Share with your friends


Analytics Magazine

Online Marketing: Recommendation engines at work

March/April 2013

Barriers to their deployment are coming down while opportunities for their deployment are improving.

Christopher BerryBy Christopher Berry

If you’ve used the streaming service of Netflix, bought something from Amazon or connected with “people you may know” on LinkedIn or Facebook, then you’ve used a recommendation engine. And chances are, you’ve watched more movies, bought more stuff and are less likely to churn because of them. These engines work.

Recommendation engines match features about you with things that you might be interested in.

For instance, a movie has a release year, a genre, actors and box office results. You have features. You have preferences, an age, and you may have completed a survey expressing some of your attitudes toward certain movies. You may have rated some of the movies you watched. By figuring out which sets of movies to show you, and your response to those recommendations, the machine learns over time to make better suggestions. If you watched a few science fiction movies, and you rated them highly, then the engine will learn to show you more science fiction movies, and, for variety, movies that other people like you, who like science fiction movies, might also enjoy.

More and more companies are using recommendation engines. Apple has its own engine to help consumers find apps they are likely to enjoy from Apple’s large inventory. Microsoft’s XBOX 360 Live has an engine to suggest new games you might be interested in based on what you’ve previously shown an interest in.

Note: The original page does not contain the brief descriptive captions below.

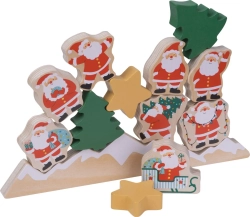 Weihnachts-Balance-Spiel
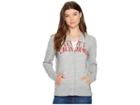 Levi's(r) Womens Classic Zip Hoodie (smokestack Heather 2) Women's Sweatshirt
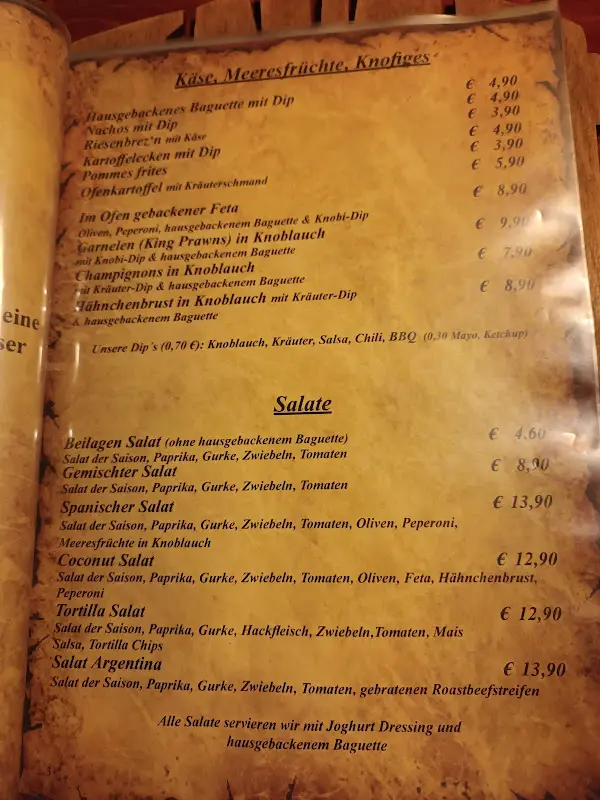 Menu_Coconut Restaurant Cocktailbar Biergarten_Gelnhausen_image_4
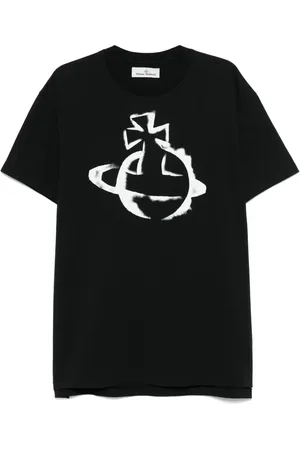 Vivienne Westwood Playera Stencil Orb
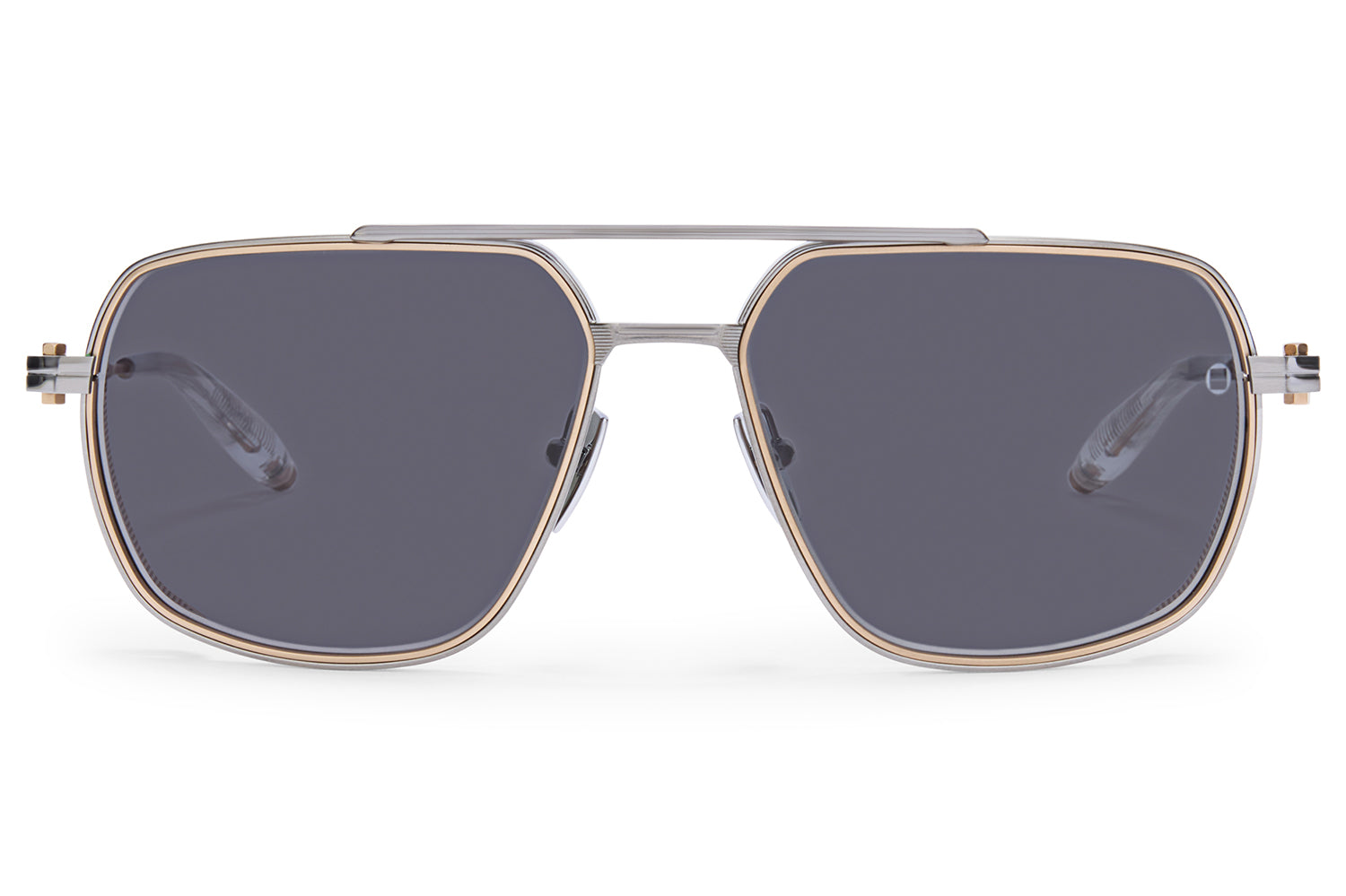 Akoni® - Pathfinder | Aviator Titanium Sunglasses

Many of the algorithms that are used in recommendation engines and machine learning aren’t all that new. Regression, decision trees, K-nearest neighbor (KNN), support vector machines (SVMs), neural networks and naive Bayes are established methods with well-known constraints and appropriate uses. Many of these methods have been used to support data-driven business decision-making for a long time. So, if the benefits of recommendation engines have been long known, what’s different now? What’s causing more companies to implement recommendation engines to support customer decision-making?

Three Cost Trends

Three major trends are driving the shift from possible to scalable and enabling recommendation engines to scale technologically, economically and effectively.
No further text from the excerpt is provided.